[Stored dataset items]
━━━

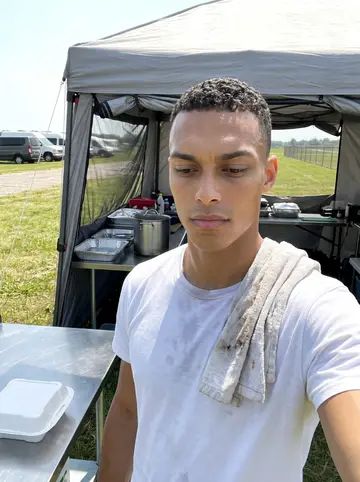 Zion, AI character: the open-sided camp kitchen tent at the drop zone, a steel prep table with foil trays, a big pot of red…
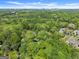 Scenic aerial view of property surrounded by a lush forest and the city skyline at 3985 Randall Mill Nw Rd, Atlanta, GA 30327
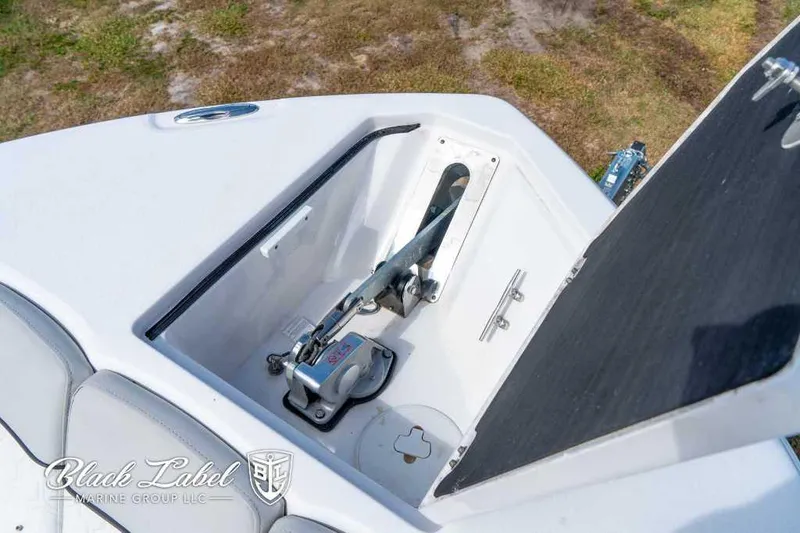 Slide: The Image of 2023 Sea Fox 288 Commander anchor compartment, open lid, Black Label Marine Group branding. - 16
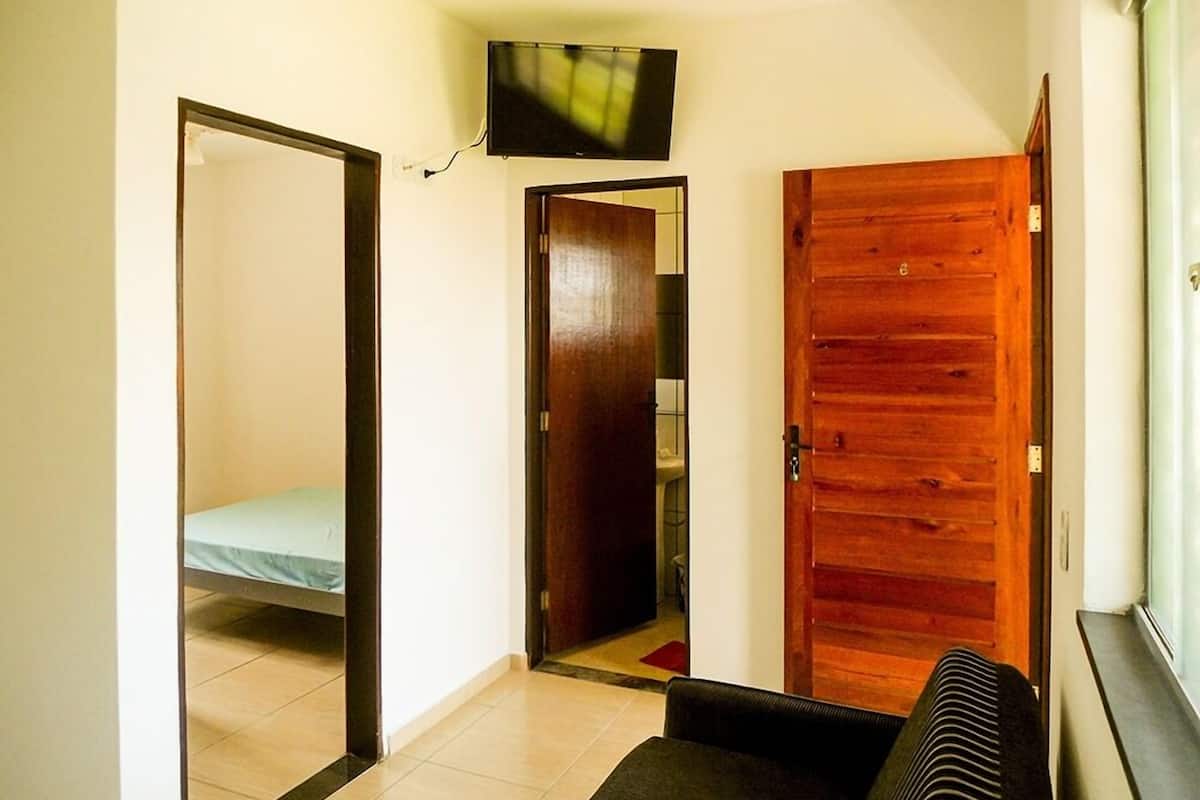 Een kamer met een bed, een aan de muur bevestigde televisie en een houten deur.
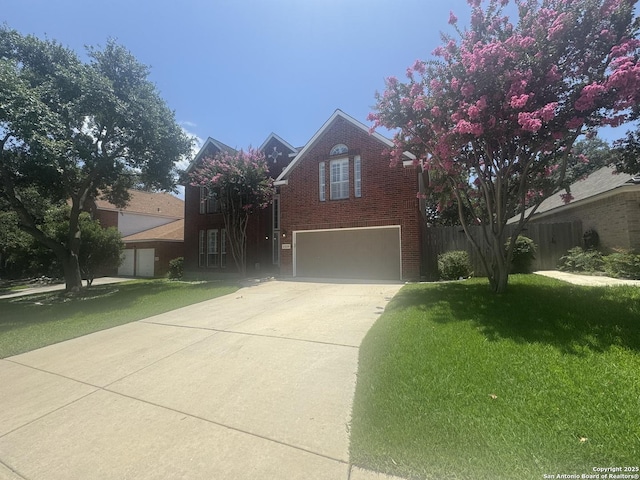 21539 Bubbling Crk, San Antonio, TX 78259 - traditional-style home featuring an attached garage, driveway, and brick siding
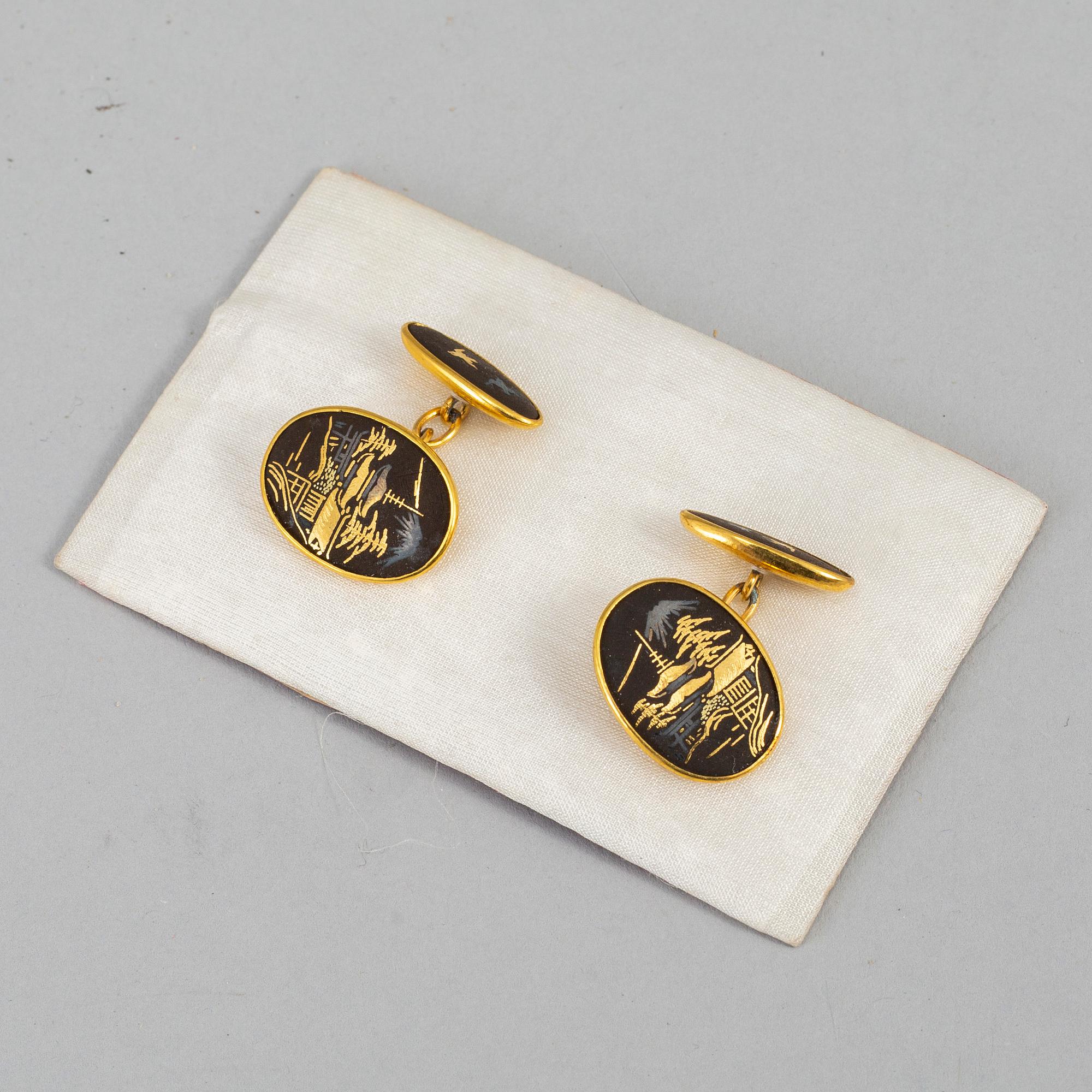 A set of five Japanese metal dishes and a pair of cuff links, 20th Century.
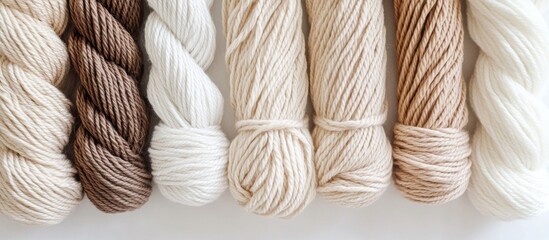 Aufkleber - Neutral macrame cord in various shades arranged on a white background ideal for crafting projects and DIY home decor inspiration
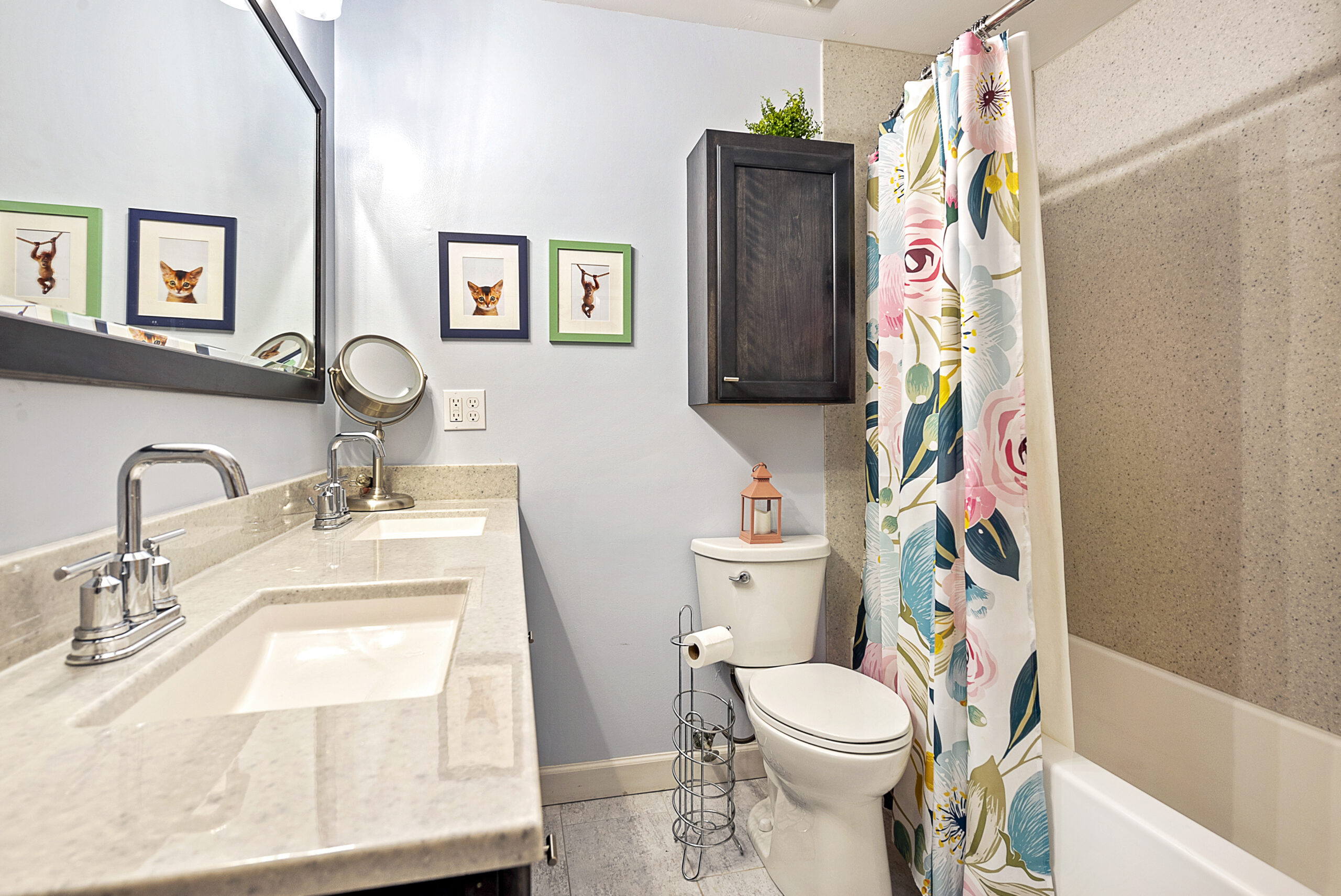 A bright bathroom with a floral shower curtain, dual sinks on a light countertop, wall-mounted cabinet, and three animal prints on a pale blue wall—styled to complement any kitchen remodel or renovation. A lantern sits atop the toilet tank.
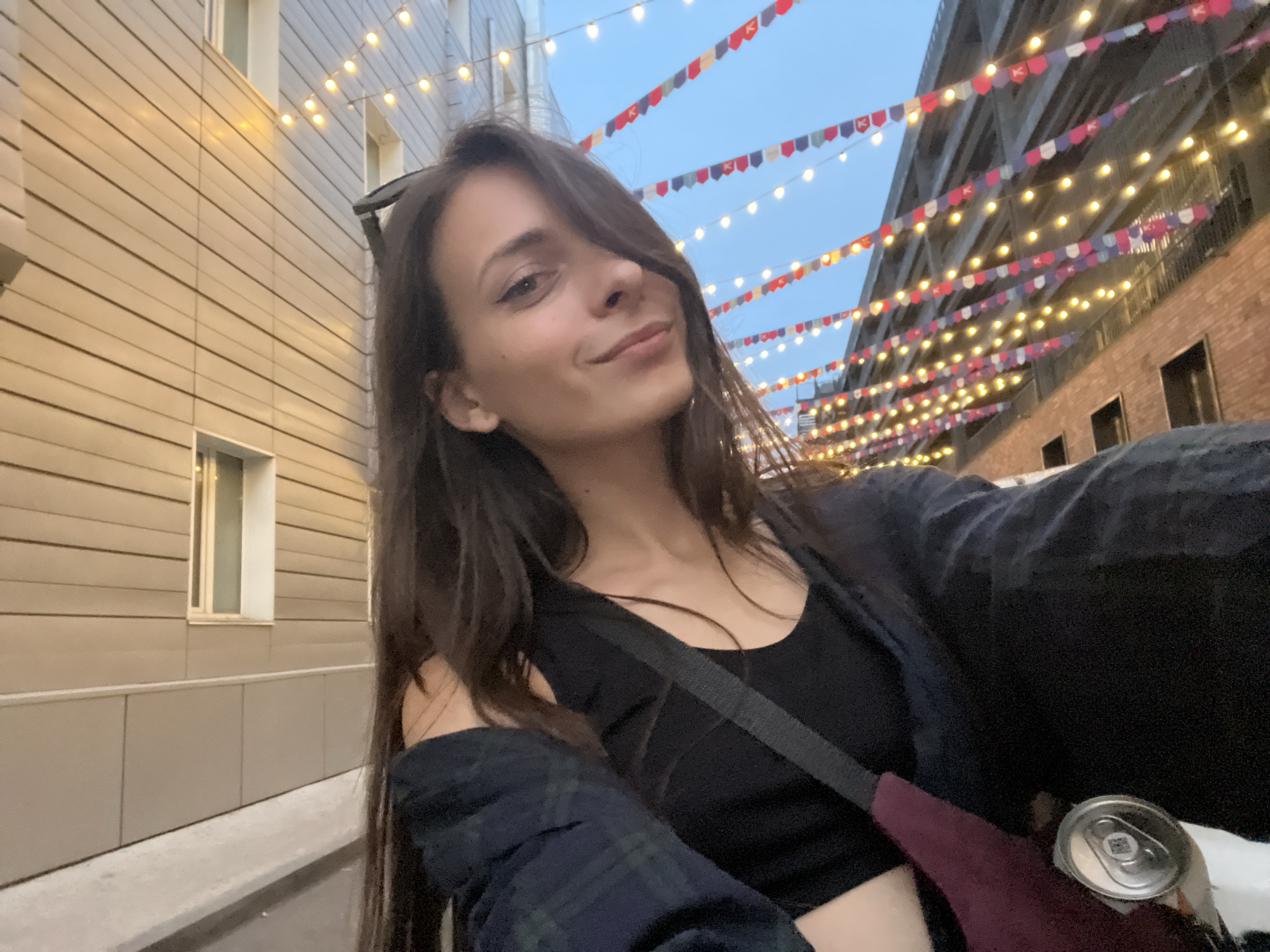 A young woman with long, dark hair is taking a selfie outdoors at dusk. She is wearing a black tank top and a dark plaid shirt, draped off one shoulder. A burgundy bag with a can of soda is visible on her hip. She is standing in what appears to be an alleyway or street decorated with strings of lights and small flags, suggesting a festive atmosphere. The buildings on either side of the alley are modern with horizontal siding on one side and brick with dark-paned windows on the other. The sky is a deep blue, indicating twilight. There is no specific indication of the location within Krasnoyarsk, Russia.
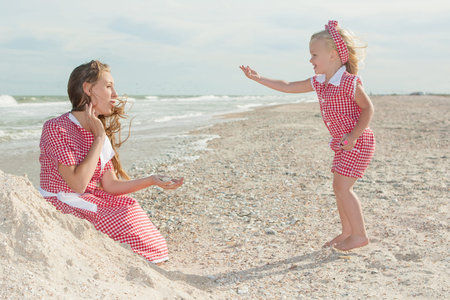 Happy family. Young happy beautiful  mother and her daughter  having fun on the beach. Positive...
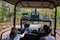 Group of tourists in shuttle vehicles touring the Rajiv Gandhi National Park in Nagarhole, India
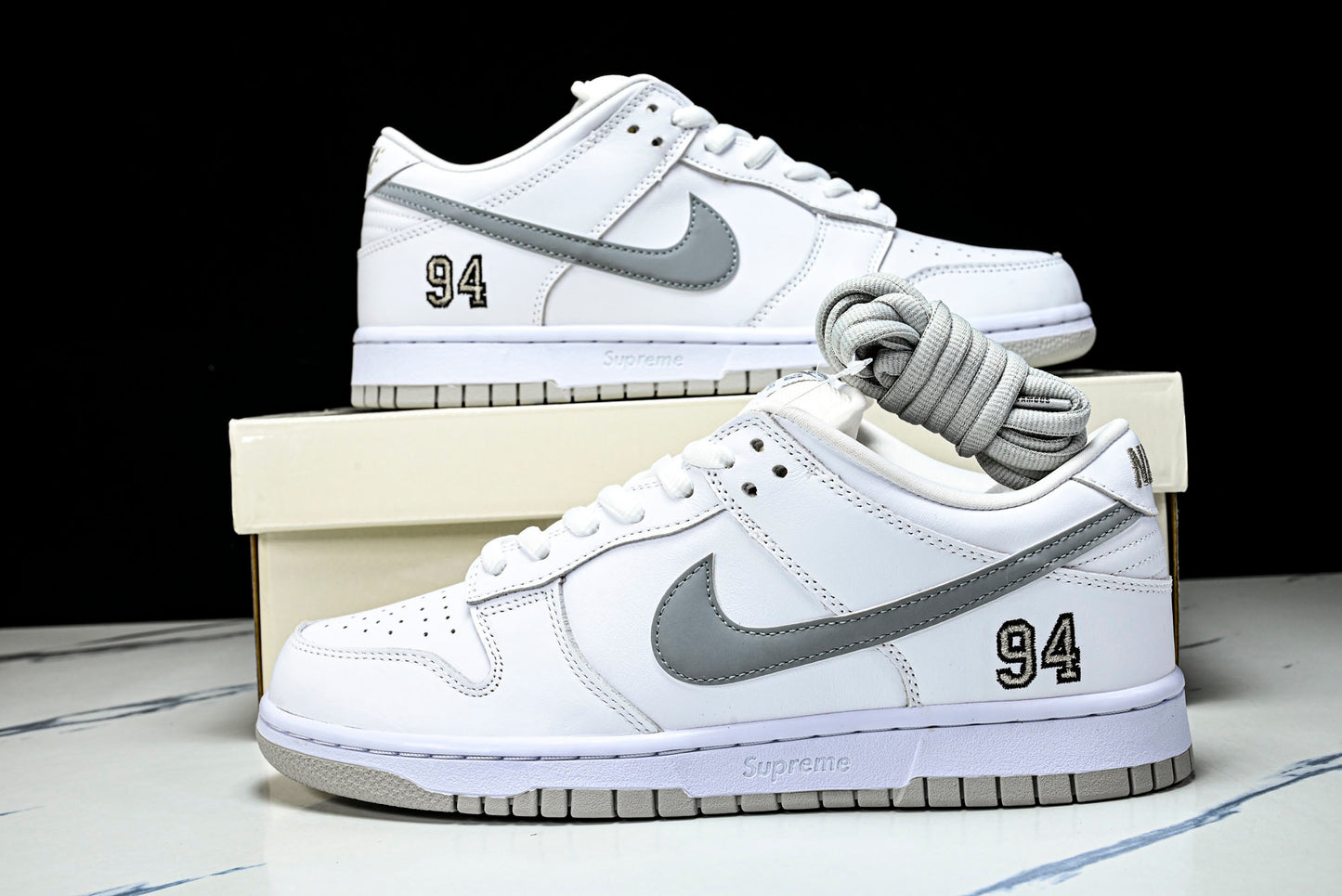 SB Dnk Low x Supreme 94 White Metallic Silver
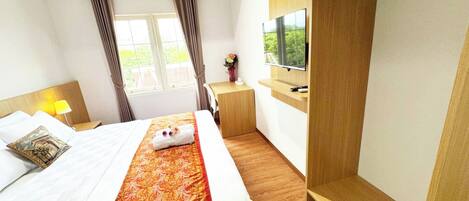 A hotel room with a bed, a TV mounted on the wall, a small desk, and a window with curtains.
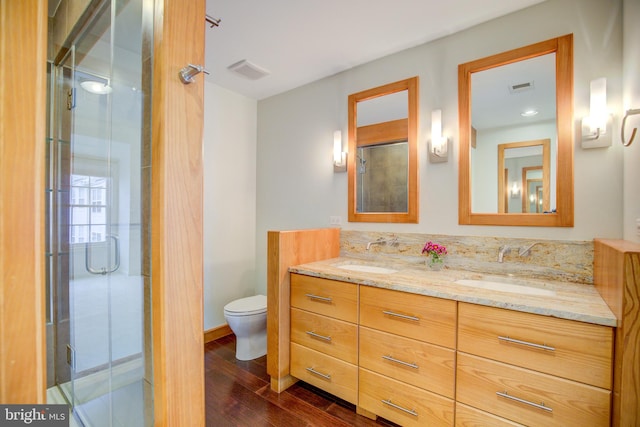 bathroom with toilet, an enclosed shower, vanity, and wood-type flooring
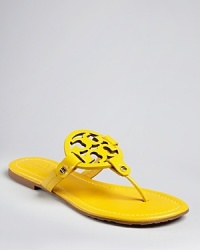 You'll flip for these Tory Burch thong sandals that pop in boldly dramatic color with cut out logo accents. You'll flip for these Tory Burch thong sandals that pop in boldly dramatic color with cut out logo accents.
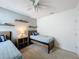 Bright bedroom featuring a twin bed, floating shelves and a neutral color palette at 3690 Maidencain St, Clermont, FL 34714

━━━

Excerpt from the records above: set down only the lines from the one that contains "21539 Bubbling Crk, San" through the one that contains "A bright bathroom", inclusive, word for word. Pictures stay out.

● **EXERCISE SOLUTION**:
 21539 Bubbling Crk, San Antonio, TX 78259 - traditional-style home featuring an attached garage, driveway, and brick siding
 A set of five Japanese metal dishes and a pair of cuff links, 20th Century.
 Aufkleber - Neutral macrame cord in various shades arranged on a white background ideal for crafting projects and DIY home decor inspiration
 A bright bathroom with a floral shower curtain, dual sinks on a light countertop, wall-mounted cabinet, and three animal prints on a pale blue wall—styled to complement any kitchen remodel or renovation. A lantern sits atop the toilet tank.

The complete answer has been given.